If you're interested in any of this, you can take a look at the darcs repos at http://peteg.org/haskell. Please note that everything there should be considered alpha quality and under chaotic development.
[*] My changes are so pervasive that it's better to think of my version as a fork rather than a continuation. The database schema is quite different and currently requires PostgreSQL, so I doubt it is useful to any current users.
[**] This has some nasty ramifications. One is that it is unlikely that my code will be merged into the mainstream darcs repos, as I have no interest in or time to fix the other backends. (I refuse to encourage anyone to use speed-over-correctness software like MySQL.) Due to this, I doubt one can use the shiny-new cabal-install to suck down the myriad dependencies of my version of HOPE, as you'll need some stuff from my repos, and other stuff may as well come from the official places.

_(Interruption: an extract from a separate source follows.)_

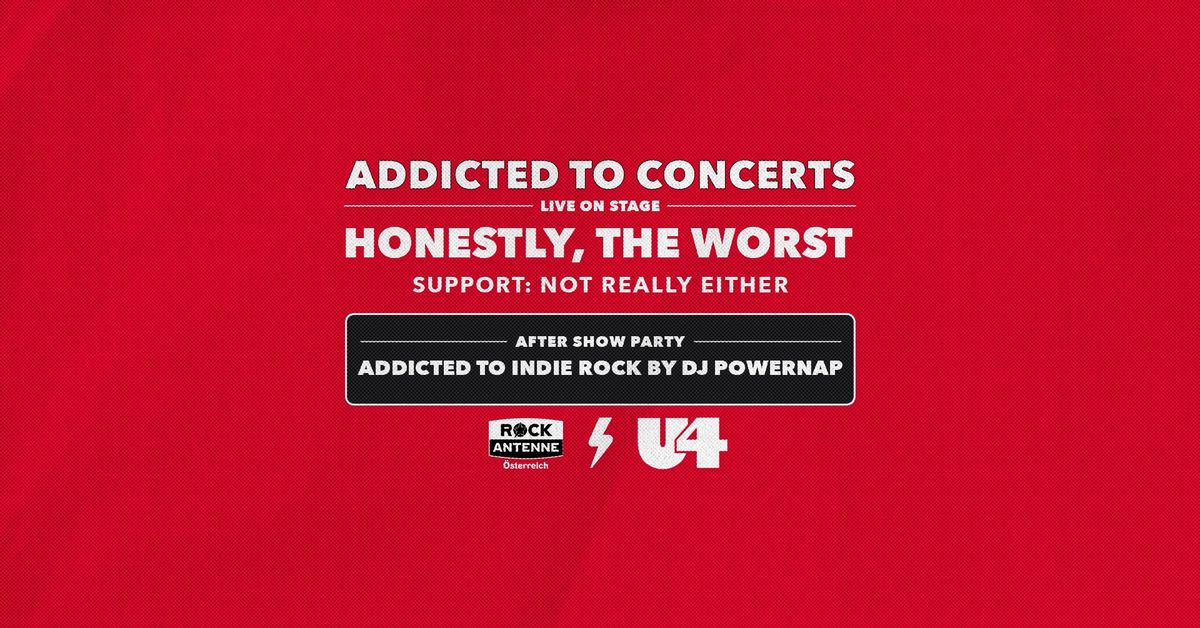 Addicted to Concerts: HONESTLY, THE WORST X NOT REALLY EITHER\u26a1\ufe0f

[***] Somewhat ironic to me is that all the low-level Haskell SQL bridges I've seen have a very limited view of what a relational database is; usually the bridge just ships SQL one way and gets a list of rows back, and provides a very basic table description mechanism. I haven't seen any support for defaults, triggers, constraints (foreign keys, primary keys, uniqueness, etc.), and while there is usually support for transactions, it is difficult to figure out what that means as the bridges all try to be backend-agnostic. Conversely there are a lot of attempts at making rows and queries type-safe.